Implementation

The Probes , the Central Collector and one of the Traffic Generators are written in C-code.

Off-line data processing and reporting involves a mix of Python 2.x, MySQL SQL Stored Procedures, JavaScript (for BIRT tuning, and with AngularJS & JQuery for the web menu bar)

Packet capture libraries

The Probing software that is based on standard low-level software libraries (used in most common-off-the-shelf or freeware ‘capturing’ tools), is designed in the most ‘open’ way, allowing as much as possible the use of configuration files, while trying to achieve the best performances by using C-code programming and standard libraries. However, the specifics of the Linux ring buffer capture – with zero copy, is fully exploited. The same applies to the Linux Ethernet card tuning capability and the to separate the CPU affinity of the two probe processes in pipeline, in order to have them running in real parallelism

Signature hash

Packet Signature calculation has also been kept highly configurable, which allows the user to fine-tune the monitoring of his specific data flow in the most optimal way, in order to avoid false positive packet loss detection.

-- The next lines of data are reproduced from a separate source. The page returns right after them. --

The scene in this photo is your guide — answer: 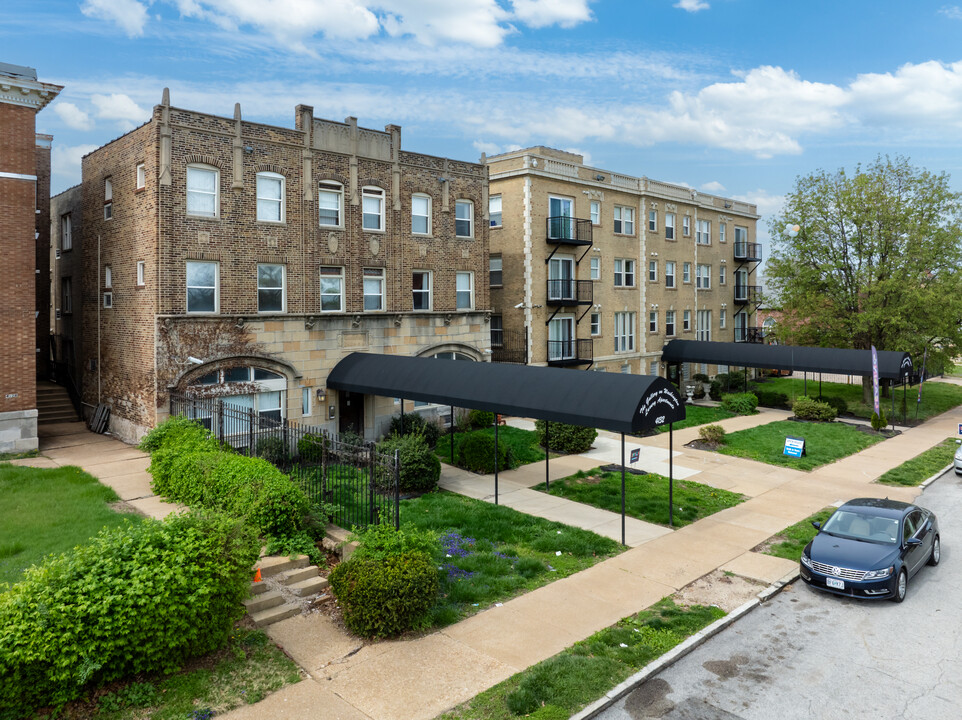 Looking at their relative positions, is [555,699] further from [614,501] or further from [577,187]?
[577,187]

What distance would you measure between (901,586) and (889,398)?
31860 mm

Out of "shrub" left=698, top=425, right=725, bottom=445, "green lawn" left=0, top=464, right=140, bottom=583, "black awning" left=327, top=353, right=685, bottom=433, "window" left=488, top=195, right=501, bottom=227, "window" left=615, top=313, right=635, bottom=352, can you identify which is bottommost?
"shrub" left=698, top=425, right=725, bottom=445

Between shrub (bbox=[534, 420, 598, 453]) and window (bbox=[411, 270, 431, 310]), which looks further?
window (bbox=[411, 270, 431, 310])

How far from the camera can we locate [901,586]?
39.7 ft

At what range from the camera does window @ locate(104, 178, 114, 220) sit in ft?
75.9

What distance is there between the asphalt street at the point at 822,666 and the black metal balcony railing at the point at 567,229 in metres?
23.4

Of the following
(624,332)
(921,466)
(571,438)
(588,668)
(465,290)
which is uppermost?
(465,290)

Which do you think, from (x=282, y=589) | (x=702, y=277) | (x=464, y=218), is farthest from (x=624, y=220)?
(x=282, y=589)

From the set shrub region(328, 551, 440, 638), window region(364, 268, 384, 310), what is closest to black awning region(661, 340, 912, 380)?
window region(364, 268, 384, 310)

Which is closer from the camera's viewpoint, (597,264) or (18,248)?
(18,248)

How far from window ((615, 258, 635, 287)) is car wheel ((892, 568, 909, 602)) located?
27.2 metres

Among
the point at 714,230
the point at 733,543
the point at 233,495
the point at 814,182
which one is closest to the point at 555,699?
the point at 233,495

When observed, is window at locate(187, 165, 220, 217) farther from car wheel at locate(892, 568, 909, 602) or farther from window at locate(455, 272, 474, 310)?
car wheel at locate(892, 568, 909, 602)

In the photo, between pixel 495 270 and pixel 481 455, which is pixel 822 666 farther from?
pixel 495 270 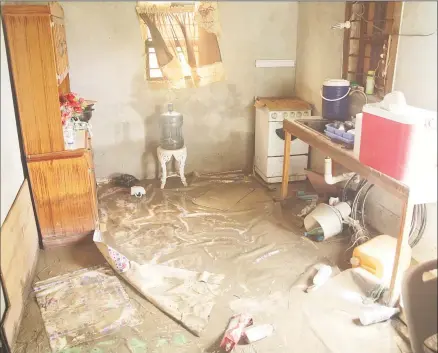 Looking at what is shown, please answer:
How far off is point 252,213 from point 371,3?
78.1 inches

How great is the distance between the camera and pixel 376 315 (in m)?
2.36

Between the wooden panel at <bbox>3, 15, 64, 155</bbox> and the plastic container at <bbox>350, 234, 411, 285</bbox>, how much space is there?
2246mm

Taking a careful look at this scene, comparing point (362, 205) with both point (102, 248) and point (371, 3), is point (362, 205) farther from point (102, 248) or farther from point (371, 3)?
point (102, 248)

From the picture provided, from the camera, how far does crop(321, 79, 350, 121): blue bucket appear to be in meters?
3.36

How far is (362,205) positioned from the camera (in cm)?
347

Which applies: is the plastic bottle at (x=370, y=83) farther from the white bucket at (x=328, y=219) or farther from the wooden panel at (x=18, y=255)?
the wooden panel at (x=18, y=255)

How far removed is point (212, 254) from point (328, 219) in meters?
0.96

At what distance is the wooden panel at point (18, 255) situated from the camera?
7.12 feet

Observation reception acknowledgment

The mechanism of the Central Processing system to acknowledge the reception of observations sent by the probe, is essential to achieve a good level of reliability of the produced latency reports. One single missing datagram with observations would indeed induce tens of false positive ‘packet lost’ or ‘packets injected’, and would falsify the overall qualification of the data-link.

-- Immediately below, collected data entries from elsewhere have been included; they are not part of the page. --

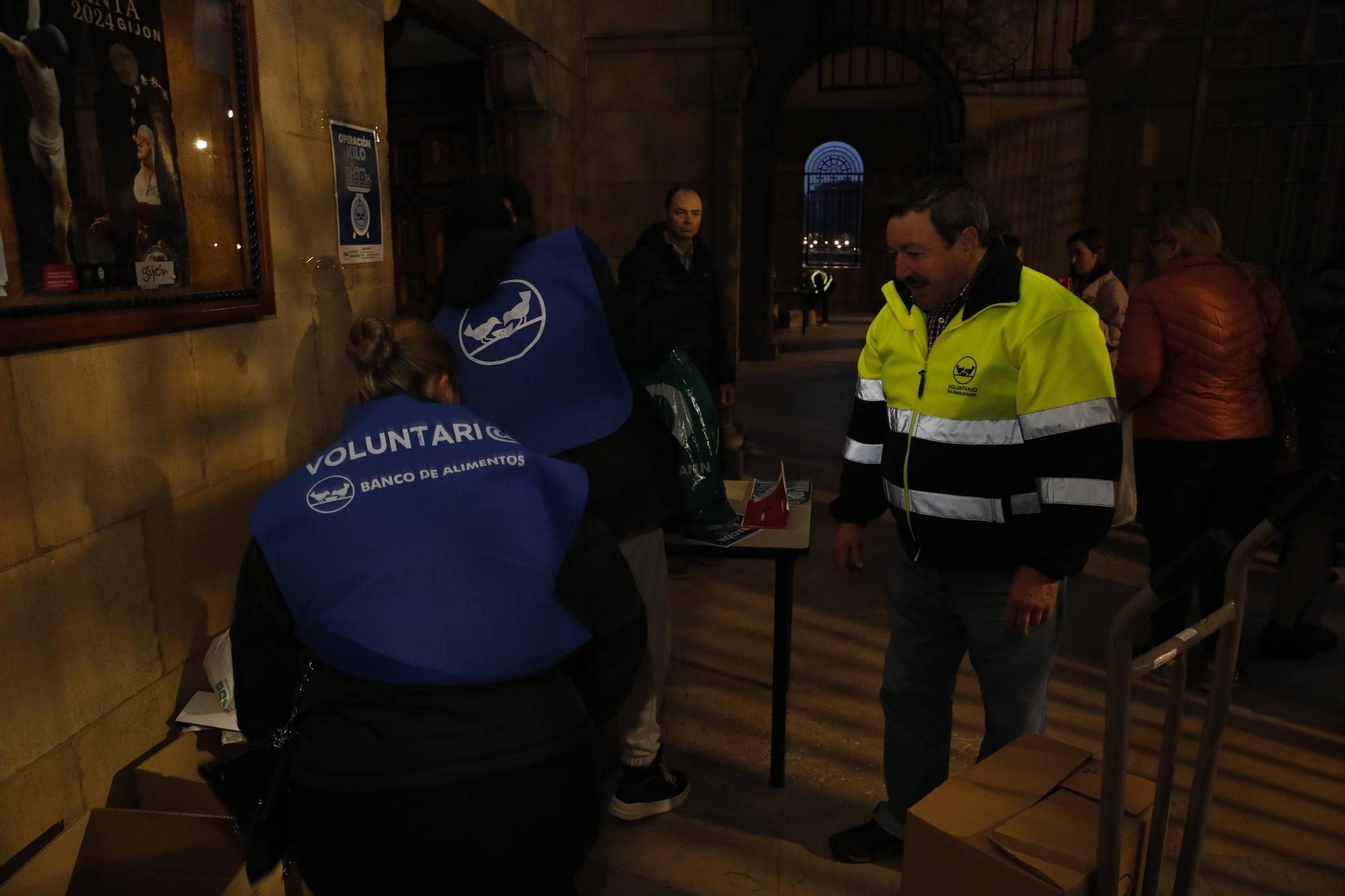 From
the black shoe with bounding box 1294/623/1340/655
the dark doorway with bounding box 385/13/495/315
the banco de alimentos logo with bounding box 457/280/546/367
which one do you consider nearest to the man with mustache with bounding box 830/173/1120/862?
the banco de alimentos logo with bounding box 457/280/546/367

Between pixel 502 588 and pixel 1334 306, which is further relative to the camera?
pixel 1334 306

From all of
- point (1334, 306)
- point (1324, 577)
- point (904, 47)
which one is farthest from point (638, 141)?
point (904, 47)

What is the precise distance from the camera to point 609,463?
8.10 ft

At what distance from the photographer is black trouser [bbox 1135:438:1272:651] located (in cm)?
350

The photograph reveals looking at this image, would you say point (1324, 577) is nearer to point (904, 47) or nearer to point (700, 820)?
point (700, 820)

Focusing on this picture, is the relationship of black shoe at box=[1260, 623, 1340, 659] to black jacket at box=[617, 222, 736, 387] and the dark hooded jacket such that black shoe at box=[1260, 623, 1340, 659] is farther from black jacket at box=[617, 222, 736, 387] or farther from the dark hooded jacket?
the dark hooded jacket

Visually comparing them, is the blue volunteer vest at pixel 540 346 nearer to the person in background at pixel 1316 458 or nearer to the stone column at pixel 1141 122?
the person in background at pixel 1316 458

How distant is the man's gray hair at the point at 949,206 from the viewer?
2.12 metres

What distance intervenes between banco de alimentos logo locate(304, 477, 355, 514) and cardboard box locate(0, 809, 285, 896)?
958 mm

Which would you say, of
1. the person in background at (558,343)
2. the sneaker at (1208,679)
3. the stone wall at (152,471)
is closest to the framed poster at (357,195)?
the stone wall at (152,471)

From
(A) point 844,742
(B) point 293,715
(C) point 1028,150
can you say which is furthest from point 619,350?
(C) point 1028,150

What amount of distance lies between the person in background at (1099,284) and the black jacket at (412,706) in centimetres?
434

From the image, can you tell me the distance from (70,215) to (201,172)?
0.50m

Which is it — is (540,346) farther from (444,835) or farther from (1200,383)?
(1200,383) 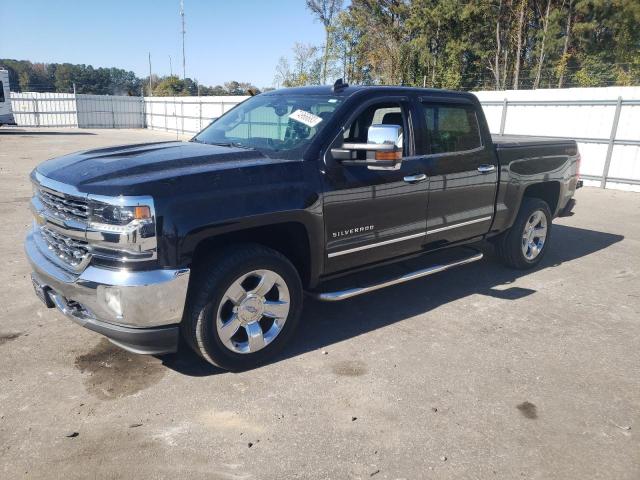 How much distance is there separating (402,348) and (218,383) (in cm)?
145

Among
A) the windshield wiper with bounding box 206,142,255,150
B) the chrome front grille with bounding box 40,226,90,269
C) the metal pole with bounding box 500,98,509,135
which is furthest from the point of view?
the metal pole with bounding box 500,98,509,135

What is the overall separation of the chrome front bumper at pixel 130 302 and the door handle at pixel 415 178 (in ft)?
6.81

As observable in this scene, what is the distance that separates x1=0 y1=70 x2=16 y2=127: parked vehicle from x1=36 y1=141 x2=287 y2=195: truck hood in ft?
87.3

Efficient search for observation reconciliation

The Central Processing system uses a very fast binary search tree, to store, search, and consolidate the observations originating from multiple probes, but regarding the same packet.

Standard database

A standard database system is used (MySQL) in order to allow advanced users to get the most of the monitoring system, by digging deeper into the raw data that has been stored.

Standard report writer

Reports are built on the fly, using BIRT, an open source technology platform used to create data visualizations and reports that can be embedded into rich client and web applications.

Synthetic traffic generation

Each subsystem (Traffic Generator, Traffic Receiver, Probe, Central Processor and Reporter) is running on a separate Linux-based PC system, or they may share machines, depending on geographical location, traffic bandwidth and other criteria.
The traffic overhead created by the ‘observations’ has been kept as small as possible, to limit the bandwidth-cost of the monitoring system. Per monitored packet, one observation – packed and sent in bulks (default max size per bulk is 300 bytes) of around 60-70 observations – requires an average of 4.62 bytes. For example, for an application traffic with an average packet size of 1 kbit, the monitoring overhead is thus less than 0.5%.